» Data segment
○ ○ ○

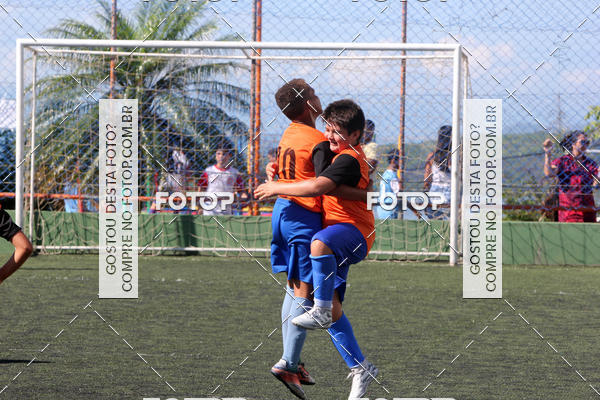 Buy your photos of the event4� InterPolos CFE on Fotop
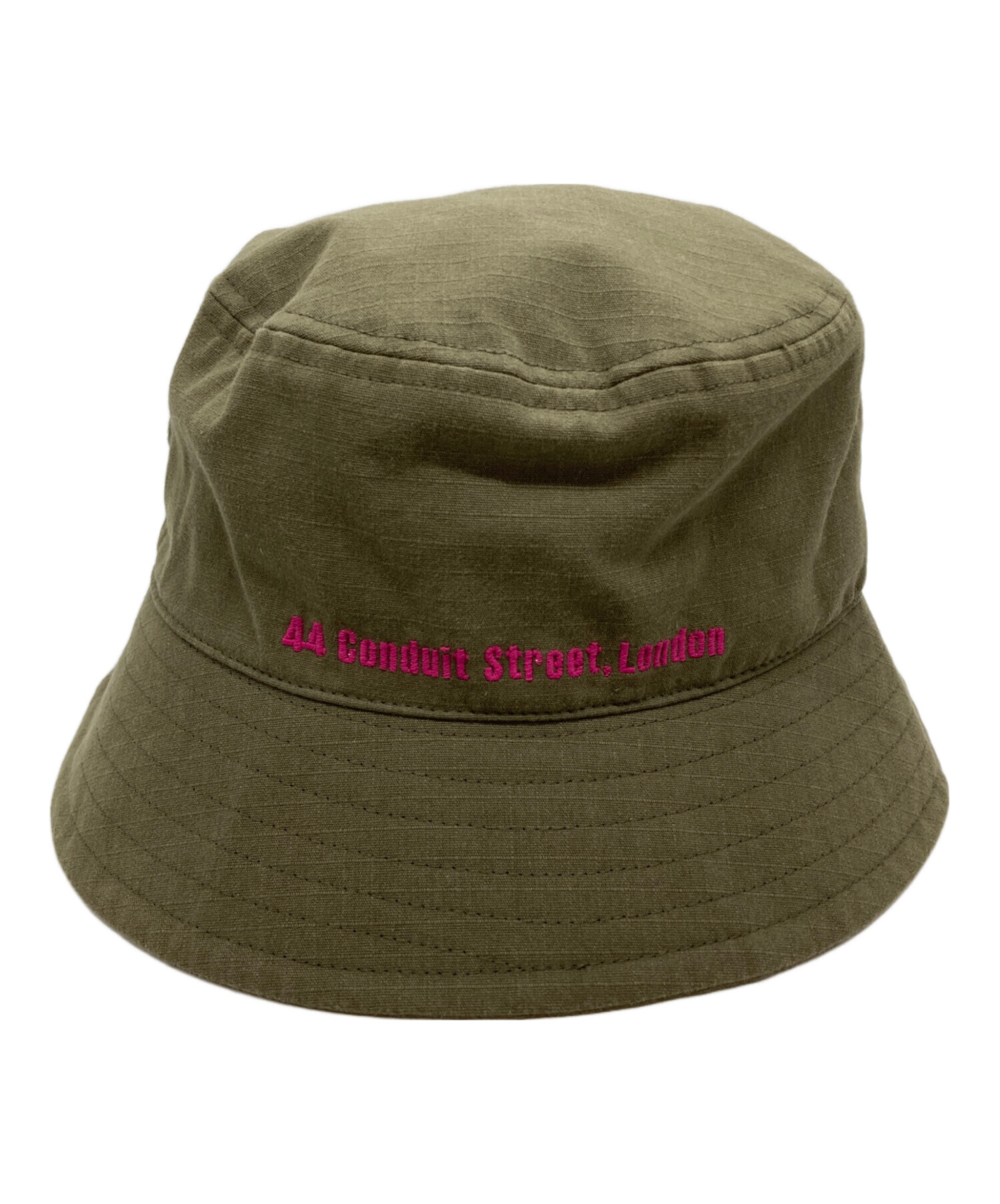 中古・古着通販】Vivienne Westwood (ヴィヴィアンウエストウッド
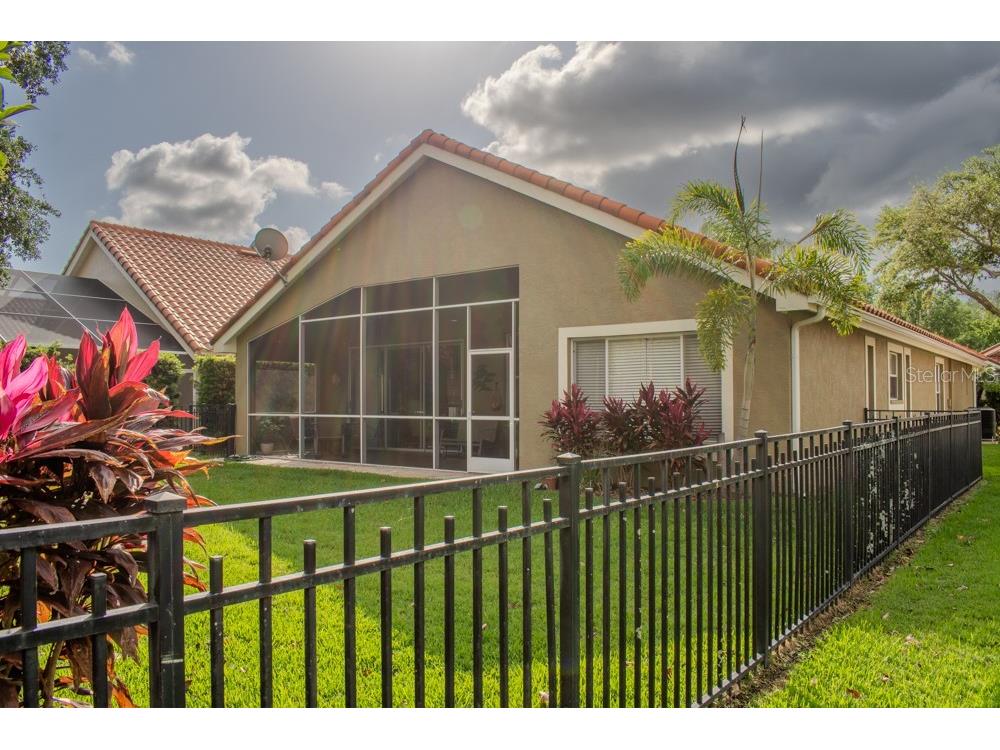 18919 Place Marquette Lutz FL 33558 TB8368159 image3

○ ○ ○

» Exercise instructions
The data must be printed exactly, image-free.

» The completed task
 Buy your photos of the event4� InterPolos CFE on Fotop
 中古・古着通販】Vivienne Westwood (ヴィヴィアンウエストウッド
 18919 Place Marquette Lutz FL 33558 TB8368159 image3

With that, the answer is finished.